21. Aesthetics / B. Nature of Art / 4. Art as Expression
Croce says art makes inarticulate intuitions conscious; rival views say the audience is the main concern [Scruton]
     Full Idea: The Croce model is of an inarticulate inner state (an 'intuition') becoming articulate and conscious through artistic expression. The rival model is fitting thing together so as to create links which resonate in the audience's feelings.
     From: Roger Scruton (Beauty: a very short introduction [2011], 5)
     A reaction: The first model tells you nothing about how the artist imagines the audience reacting. The second model tells you nothing about what matters personally to the artist. A good theory must do both!
22. Metaethics / B. Value / 1. Nature of Value / f. Ultimate value
Beauty (unlike truth and goodness) is questionable as an ultimate value [Scruton]
     Full Idea: The status of beauty as an ultimate value is questionable, in the way that the status of truth and goodness are not.
     From: Roger Scruton (Beauty: a very short introduction [2011], 1)
     A reaction: We suspect that a love of beauty may be a bit parochial, where it is hard to conceive of living creatures anywhere in the cosmos who don't value the other two.
25. Social Practice / E. Policies / 5. Education / b. Education principles
Learned men gain more in one day than others do in a lifetime [Posidonius]
     Full Idea: In a single day there lies open to men of learning more than there ever does to the unenlightened in the longest of lifetimes.
     From: Posidonius (fragments/reports [c.95 BCE]), quoted by Seneca the Younger - Letters from a Stoic 078
     A reaction: These remarks endorsing the infinite superiority of the educated to the uneducated seem to have been popular in late antiquity. It tends to be the religions which discourage great learning, especially in their emphasis on a single book.

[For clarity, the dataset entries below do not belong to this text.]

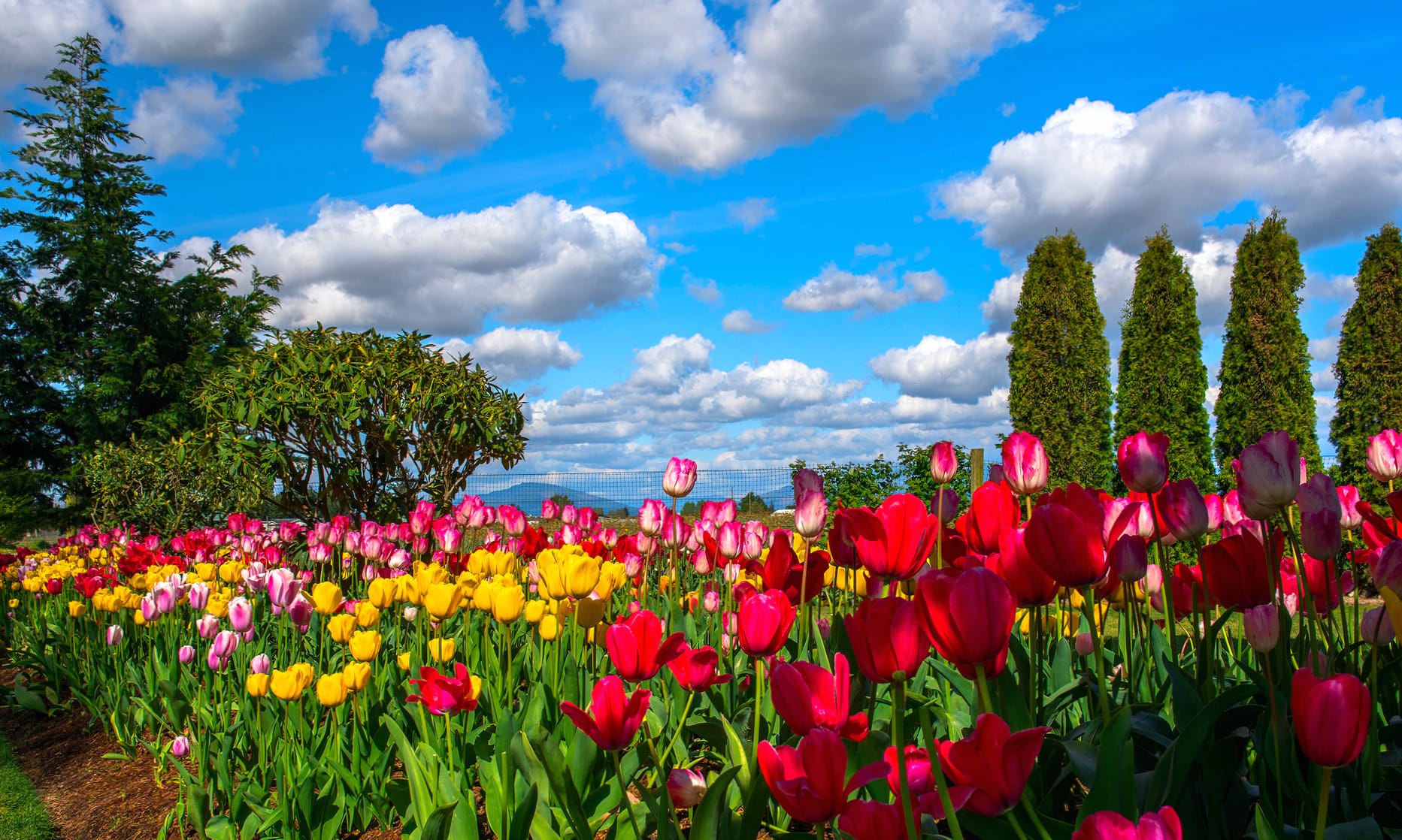 Cloud Sky Park Flower Nature Tulip at 2048 x 2048 iPad size wallpapers HD quality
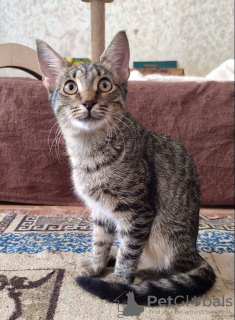 Additional photos: A brave tiger cub - kitten Oscar is looking for a home!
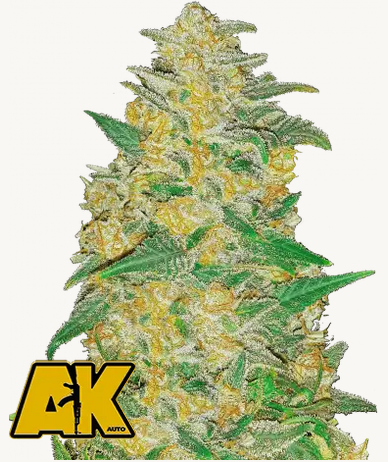 Original Auto AK 3Stck/60%Sat./9Wochen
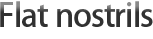 Flat nostrils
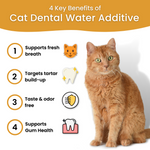 Aditivo para el agua del cuidado dental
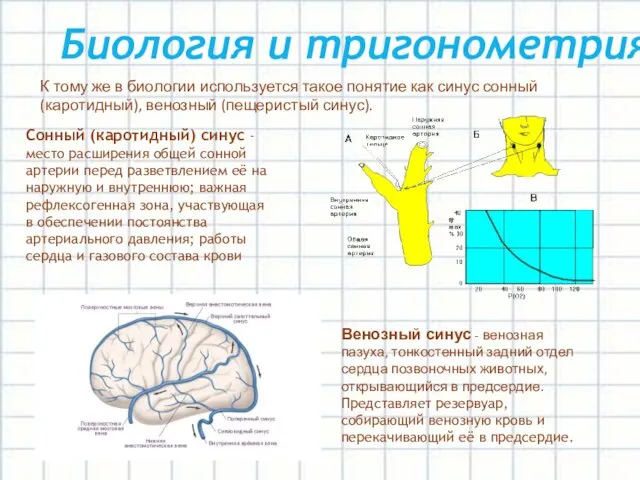 Биология и тригонометрия К тому же в биологии используется такое понятие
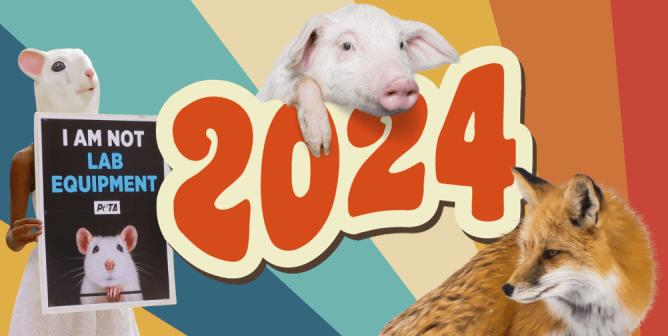 Do Your 2024 New Year’s Resolutions Include These Animal-Friendly Goals?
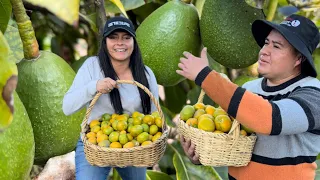 Muchos SOÑAMOS con tener un PARAÍSO como este  “TODO FRESCO” 🥑🥘🥒 Josué y Elie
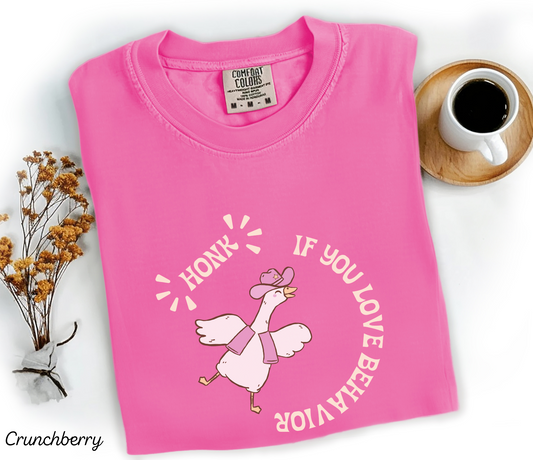 Honk If You Love Behavior Shirt, Goose Behavior Therapy T-Shirt, Cute Gift for ABA Therapists BT Behavior Analysts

25. Social Practice / F. Life Issues / 5. Sexual Morality
Prostitution is wrong because it hardens the soul, since soul and body are one [Scruton]
     Full Idea: The condemnation of prostitution was not just puritan bigotry; it was a recognition of a profound truth, that you and your body are not two things but one, and by selling the body you harden your soul.
     From: Roger Scruton (Beauty: a very short introduction [2011], 7)
     A reaction: No one, I imagine, who condones or even enthuses about prostitution would hope that their own daughter followed the profession, so there is something wrong with it. But must an enthusiastic and cheerful prostitute necessarily have a hard soul?
26. Natural Theory / B. Natural Kinds / 7. Critique of Kinds
Natural kinds are not special; they are just well-defined resemblance collections [Abelard, by King,P]
     Full Idea: In Abelard's view a natural kind is a well-defined collection of things that have the same features, so that natural kinds have no special status, being no more than discrete integral wholes whose principle of membership is similarity.
     From: report of Peter Abelard (works [1135]) by Peter King - Peter Abelard 2
     A reaction: I take a natural kind to be a completely stable and invariant class of things. Presumably this invariance has an underlying explanation, but Abelard seems to take the Humean line that we cannot penetrate beyond the experienced surface.
27. Natural Reality / D. Time / 1. Nature of Time / d. Time as measure
Time is an interval of motion, or the measure of speed [Posidonius, by Stobaeus]
     Full Idea: Posidonius defined time thus: it is an interval of motion, or the measure of speed and slowness.
     From: report of Posidonius (fragments/reports [c.95 BCE]) by John Stobaeus - Anthology 1.08.42
     A reaction: Hm. Can we define motion or speed without alluding to time? Looks like we have to define them as a conjoined pair, which means we cannot fully understand either of them.